UBER was penalizing their 'independent contractors' as if employees. Well, THAT changed AFTER some of the drivers "decided to lawyer-up" and pushed back.

The Judge's (court) ruling made Uber complicit - they quit using drivers' "excessive cancellations and declines" for punitive reasons, excluding drivers with high cancellation rates from receiving promotions and quests other drivers received.


----------



## nonononodrivethru

More proof


----------



## Dekero

Hahaha I love when Uber tries to scare tactic me into doing it their way... Umm NOPE. stop sending me [email protected]@t rides and I'll stop cancelling on so many...


----------



## CTK

2smart2drive said:


> UBER was penalizing their 'independent contractors' as if employees. Well, THAT changed AFTER some of the drivers "decided to lawyer-up" and pushed back.
> 
> The Judge's (court) ruling made Uber complicit - they quit using drivers' "excessive cancellations and declines" for punitive reasons, excluding drivers with high cancellation rates from receiving promotions and quests other drivers received.


Wrong. You can still be deactivated for excessive cancellations.

The obvious difference between these two scenarios is that we, as drivers, electronically accepted the terms under which we are paid. WE ARE STILL PAID UNDER THOSE TERMS, the ones we had to agree to in order to go online. What Uber charges the rider doesn't affect that in any way, at all.
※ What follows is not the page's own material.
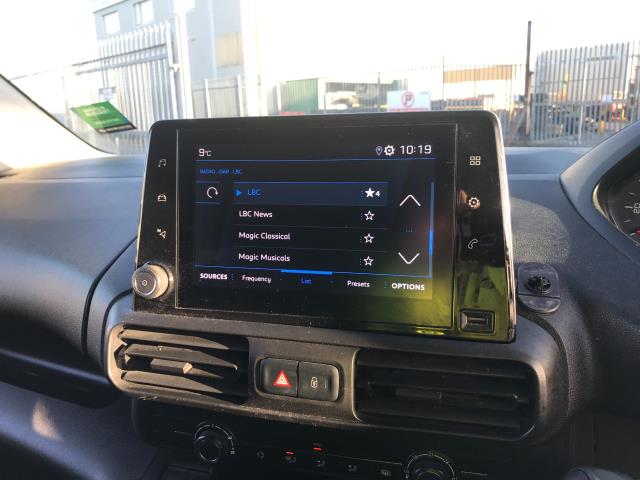 2021 Peugeot Partner L1 1000 1.5BLUE HDI 100PS PROFESSIONAL EURO 6 (NV70KMO) Image 14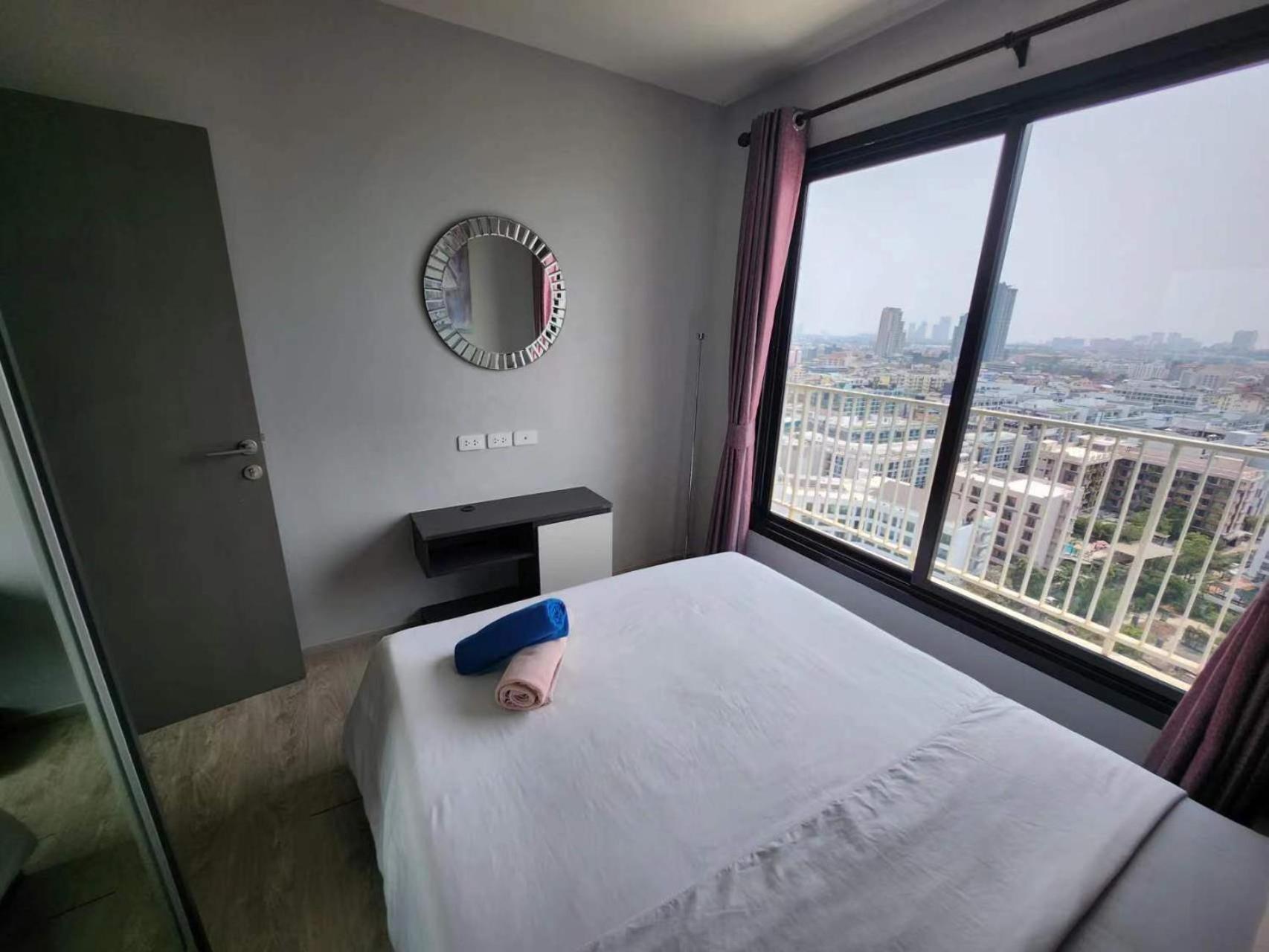 Apartment 泰国芭提雅thebase无边游泳池公寓 *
Obviously as a driver I'd have appreciated each rider increase to increase my pay as well, but that it didn't doesn't violate our agreement with Uber at all. Since it is therefore a clear two party agreement - Uber wrote it, driver agreed to it - it seems unlikely any lawyer you'd "lawyer up" with world have a leg to stand on.


----------



## nonononodrivethru

CTK said:


> Wrong. You can still be deactivated for excessive cancellations.
> 
> The obvious difference between these two scenarios is that we, as drivers, electronically accepted the terms under which we are paid. WE ARE STILL PAID UNDER THOSE TERMS, the ones we had to agree to in order to go online. What Uber charges the rider doesn't affect that in any way, at all.
> 
> Obviously as a driver I'd have appreciated each rider increase to increase my pay as well, but that it didn't doesn't violate our agreement with Uber at all. Since it is therefore a clear two party agreement - Uber wrote it, driver agreed to it - it seems unlikely any lawyer you'd "lawyer up" with world have a leg to stand on.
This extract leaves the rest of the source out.